INPUT:
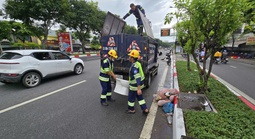 Báo Người Lao Động đăng, phường cho dọn 1 tấn rác trên đường Phạm Văn Đồng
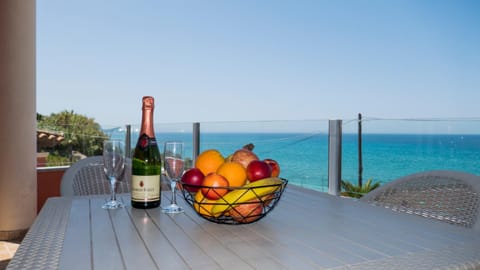 Day, Natural landscape, Food and drinks, Dining area, Beach, Food, Sea view, Drinks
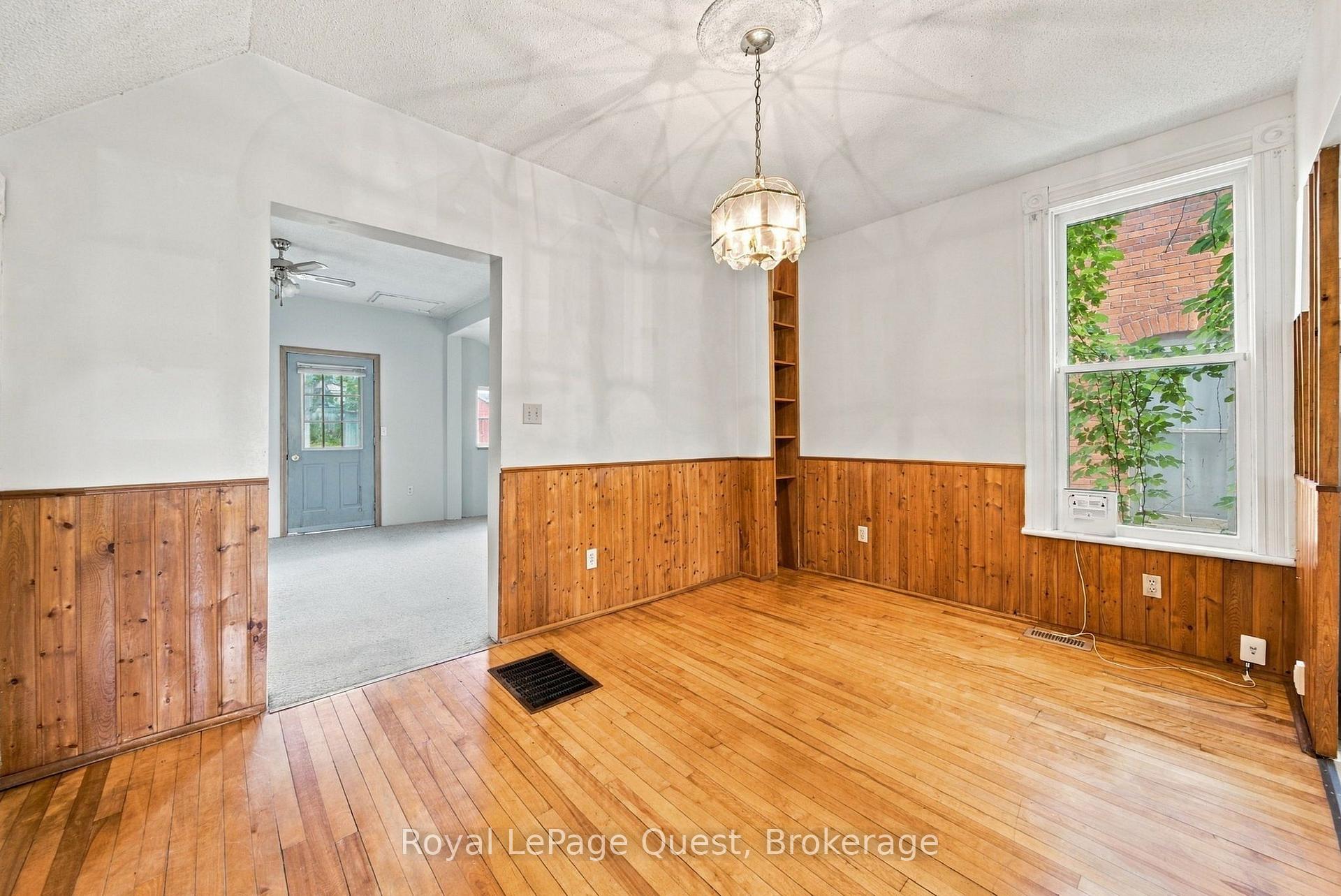 Photo 9 of 148 Coldwater Road W, Orillia — HOMEH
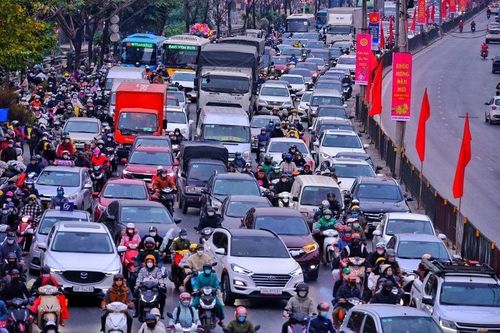 Trở lại Hà Nội sau Tết Dương lịch: Đi giờ nào để tránh ùn tắc, mệt mỏi?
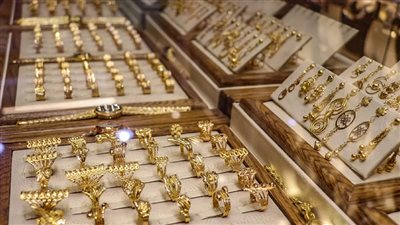 أسعار الذهب تنهي تداولاتها الأسبوعية على انخفاض بمعدل 40 جنيه 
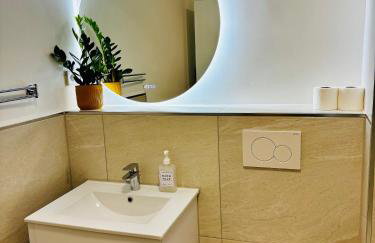 Olive Apartment mit Balkonen & Elektrogrill, 24h Self-Check-in, Free Parking, Netflix & WiFi, TOP Lage, Nähe KEM Kliniken - Foto 13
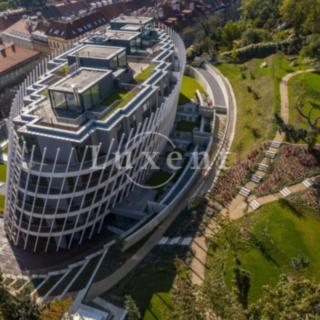 Pronájem kanceláře 330 m² Praha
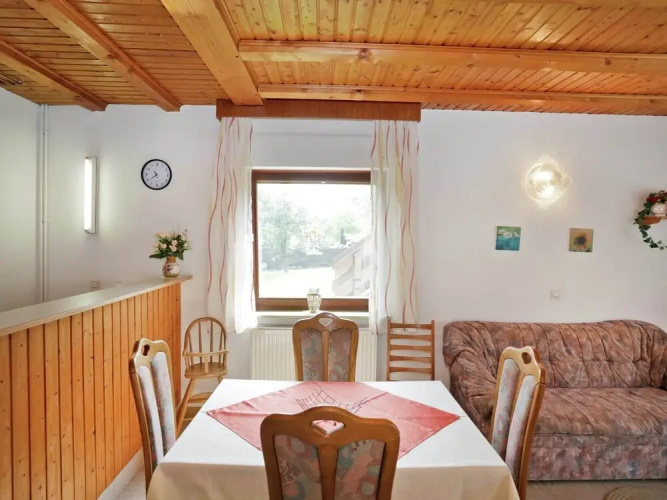 Apartment in Armsfeld With Pool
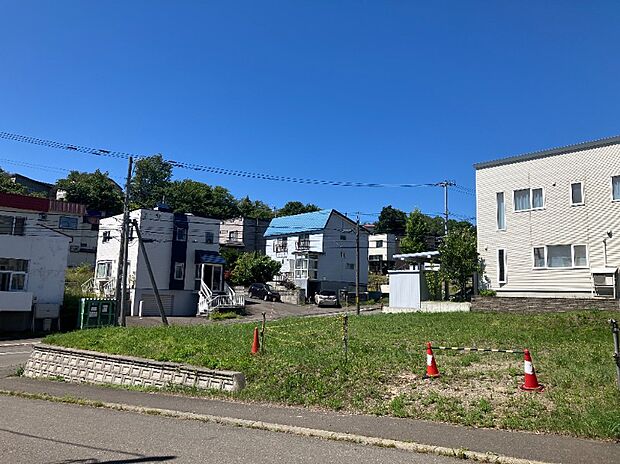 【現地写真】
南北線「真駒内」駅まで徒歩約17分の落ち着いたロケーションに登場の全2区画の売地です。周辺には高い建物も少なく開放感がございます。
(2026年8月撮影)
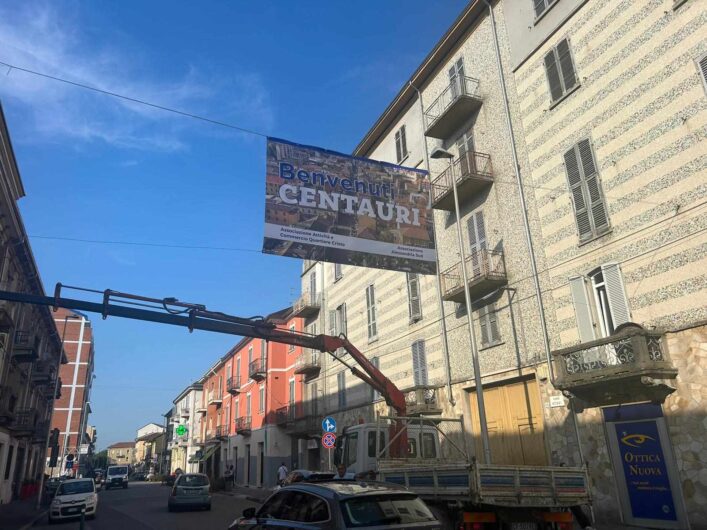 “Benvenuti Centauri”: al quartiere Cristo di Alessandria i cartelloni in vista del motoraduno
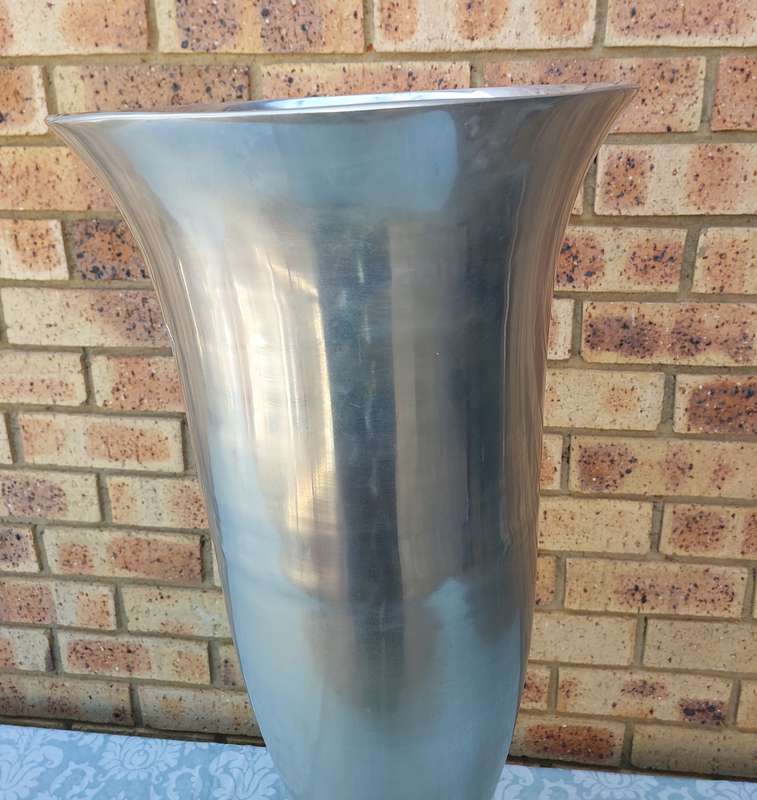 AN ART DECOR 84 CENTIMETRES IN HEIGHT CAROL BOYES STYLE VASE
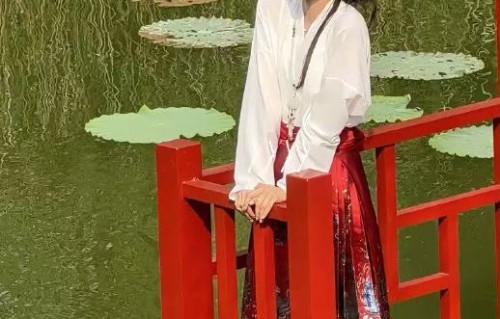 徐若晗和汪苏泷的友情是从哪个综艺节目开始的？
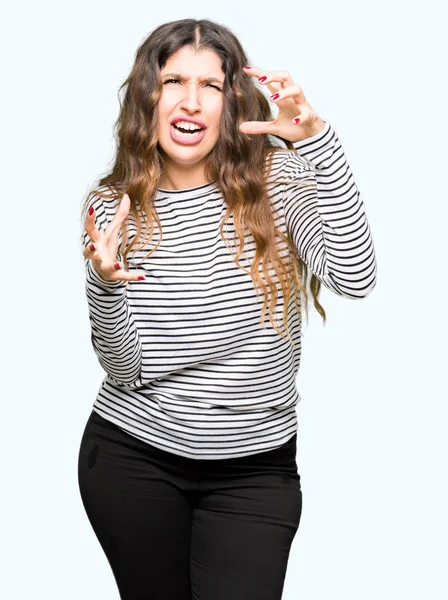 Junge Schöne Frau Trägt Streifen Pullover Schreit Frustriert Vor Wut — Stockfoto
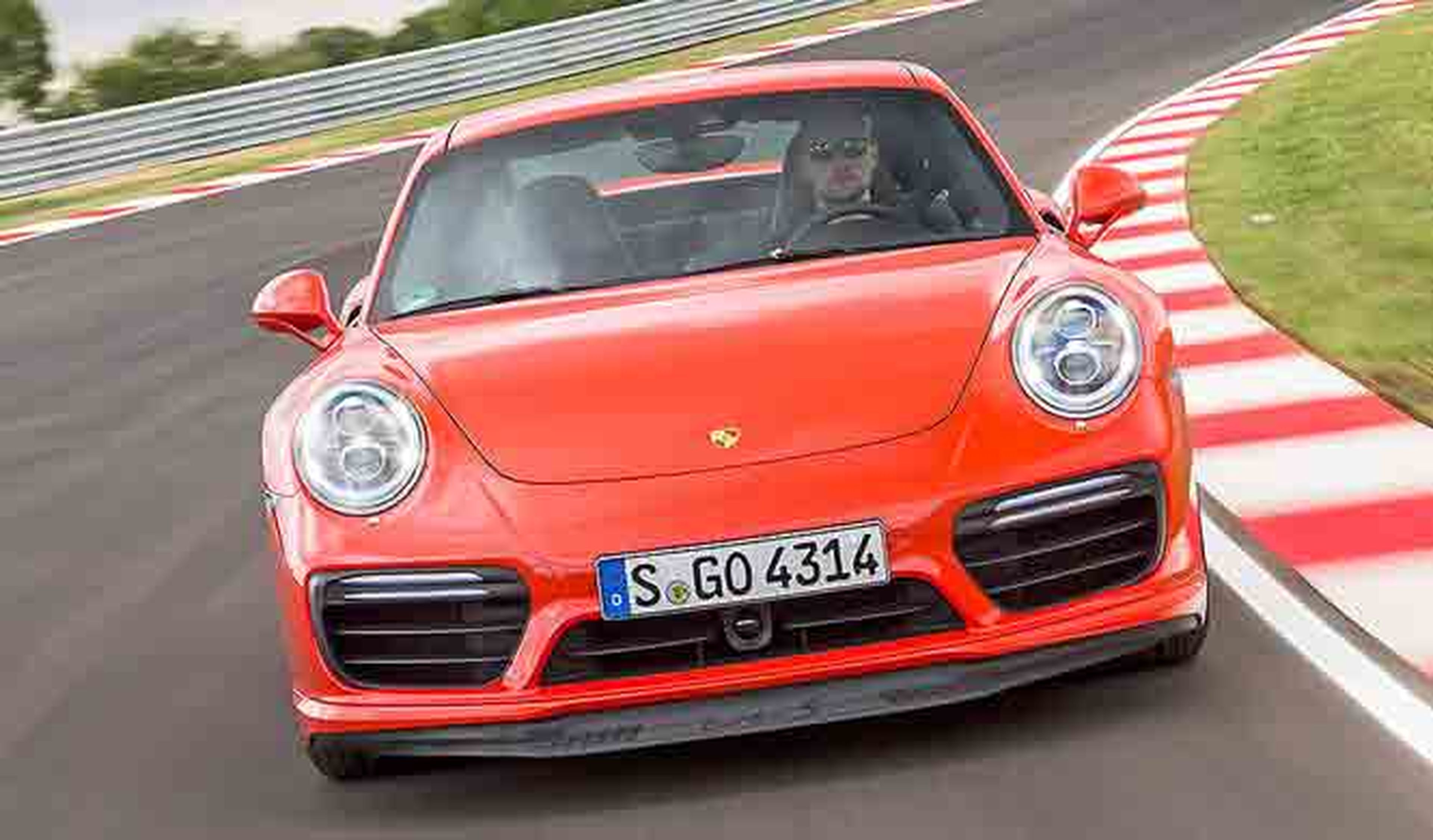 Porsche seguirá con el cambio manual, a pesar de la demanda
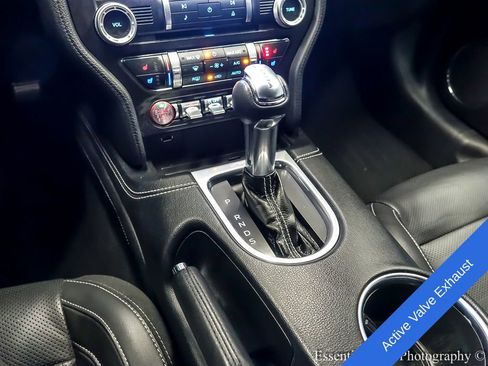 Used 2022 Ford Mustang GT Premium w/ Equipment Group 401A RWD image 17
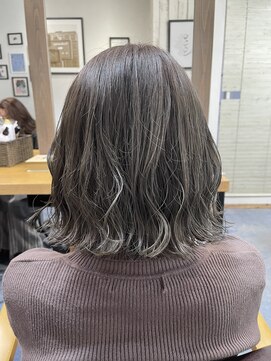 リリアン バイ リトル(Lilian by little) 透明感グレージュ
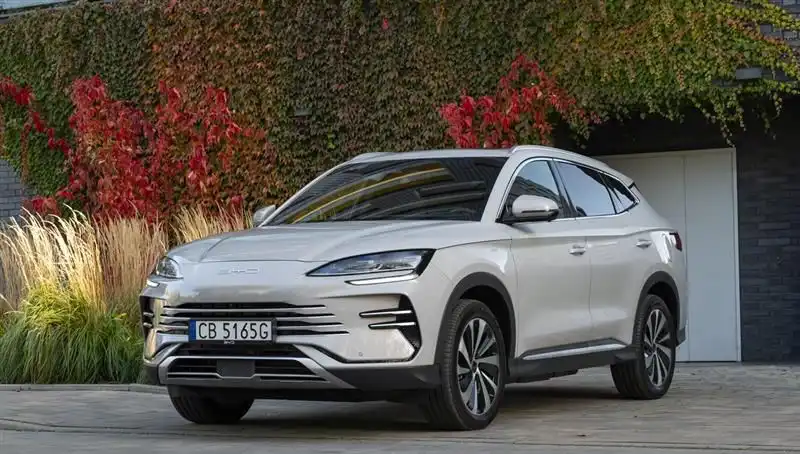 BYD'nin Büyüme Hızı Düşüşe Geçti: Elektrikli Araç Pazarındaki Son Durum Ne?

YOUR GOAL: Verbatim copy, pictures excluded: output the lines from the first line of the records above through the line containing "Used 2022 Ford".

ANSWER TO THIS EXERCISE:
 Báo Người Lao Động đăng, phường cho dọn 1 tấn rác trên đường Phạm Văn Đồng
 Day, Natural landscape, Food and drinks, Dining area, Beach, Food, Sea view, Drinks
 Photo 9 of 148 Coldwater Road W, Orillia — HOMEH
 Trở lại Hà Nội sau Tết Dương lịch: Đi giờ nào để tránh ùn tắc, mệt mỏi?
 أسعار الذهب تنهي تداولاتها الأسبوعية على انخفاض بمعدل 40 جنيه 
 Olive Apartment mit Balkonen & Elektrogrill, 24h Self-Check-in, Free Parking, Netflix & WiFi, TOP Lage, Nähe KEM Kliniken - Foto 13
 Pronájem kanceláře 330 m² Praha
 Apartment in Armsfeld With Pool
 【現地写真】
南北線「真駒内」駅まで徒歩約17分の落ち着いたロケーションに登場の全2区画の売地です。周辺には高い建物も少なく開放感がございます。
(2026年8月撮影)
 “Benvenuti Centauri”: al quartiere Cristo di Alessandria i cartelloni in vista del motoraduno
 AN ART DECOR 84 CENTIMETRES IN HEIGHT CAROL BOYES STYLE VASE
 徐若晗和汪苏泷的友情是从哪个综艺节目开始的？
 Junge Schöne Frau Trägt Streifen Pullover Schreit Frustriert Vor Wut — Stockfoto
 Porsche seguirá con el cambio manual, a pesar de la demanda
 Used 2022 Ford Mustang GT Premium w/ Equipment Group 401A RWD image 17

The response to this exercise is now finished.